(REQUIRED ACTION) Everything from the line containing "Kunstpflanze Lonicera Japonica" through the last line of the entries needs to be repeated exactly. Pictures must be left out.

======== SUPPLIED ENTRIES

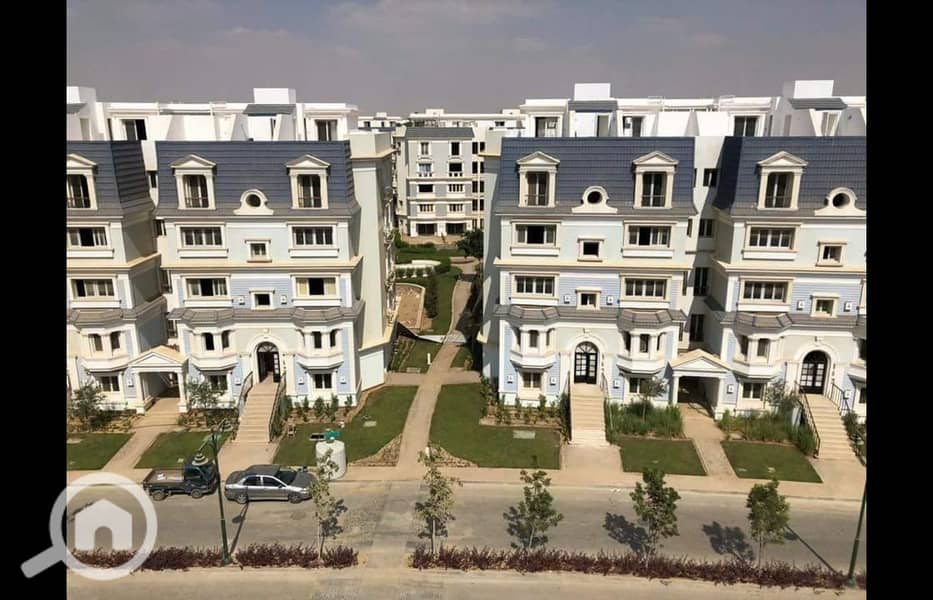 12 WhatsApp Image 2025-04-14 at 12.15. 09_01ea7ee0. jpg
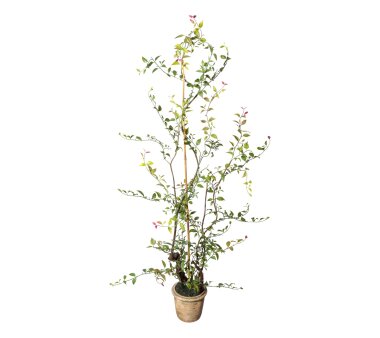 Kunstpflanze Lonicera Japonica (Geißblatt), Farbe...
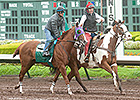 California Chrome Sneaks in Los Alamitos Work California Chrome Sneaks in Los Alamitos Work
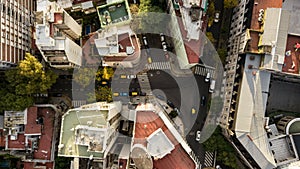 Aerial view of the Palermo district in Buenos Aires, Argentina, main street with autumn trees, colourful cars passing by, differen
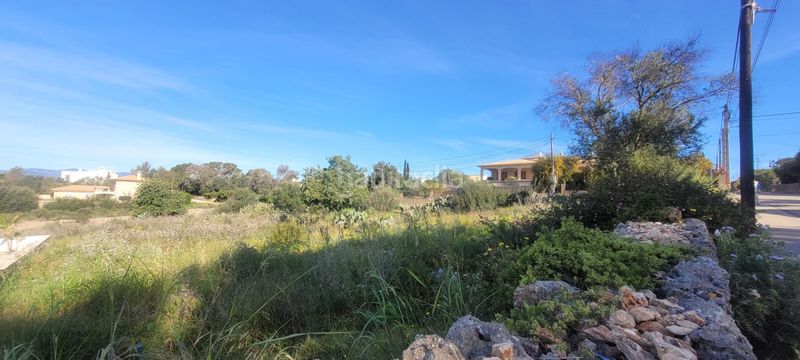 Foto 0122c1b8-4112-4eb8-aa12-c352907fd786. Terreno residencial conjunto de tres terrenos urbanos en Sa Cabaneta, en Marratxí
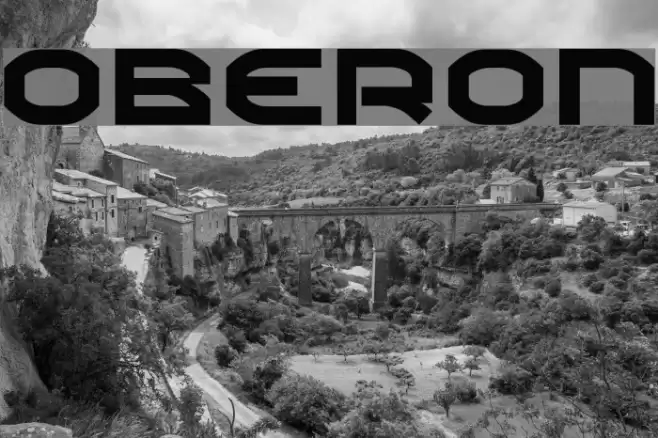 Oberon Polices examples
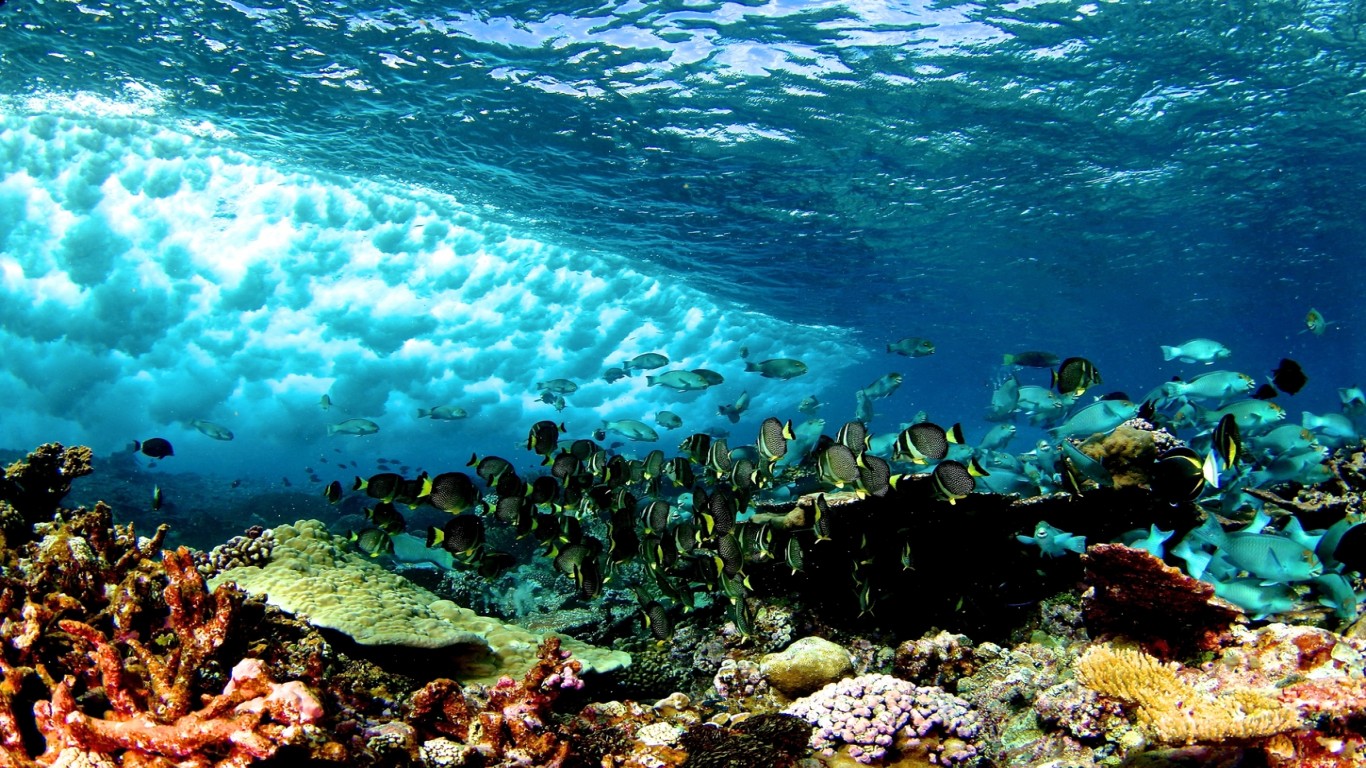 Save Floridaâ€™s coral reefs!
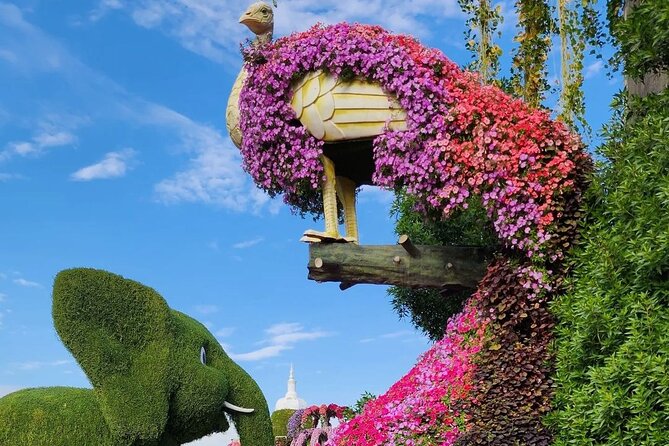 Dubai Miracle Garden Skip the Line E-Ticket and Transport Options - Small Annoyances to Plan For: Sales Stalls and Ticket Snags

================

(ANSWER TO THE EXERCISE)
 Kunstpflanze Lonicera Japonica (Geißblatt), Farbe...
 California Chrome Sneaks in Los Alamitos Work California Chrome Sneaks in Los Alamitos Work
 Aerial view of the Palermo district in Buenos Aires, Argentina, main street with autumn trees, colourful cars passing by, differen
 Foto 0122c1b8-4112-4eb8-aa12-c352907fd786. Terreno residencial conjunto de tres terrenos urbanos en Sa Cabaneta, en Marratxí
 Oberon Polices examples
 Save Floridaâ€™s coral reefs!
 Dubai Miracle Garden Skip the Line E-Ticket and Transport Options - Small Annoyances to Plan For: Sales Stalls and Ticket Snags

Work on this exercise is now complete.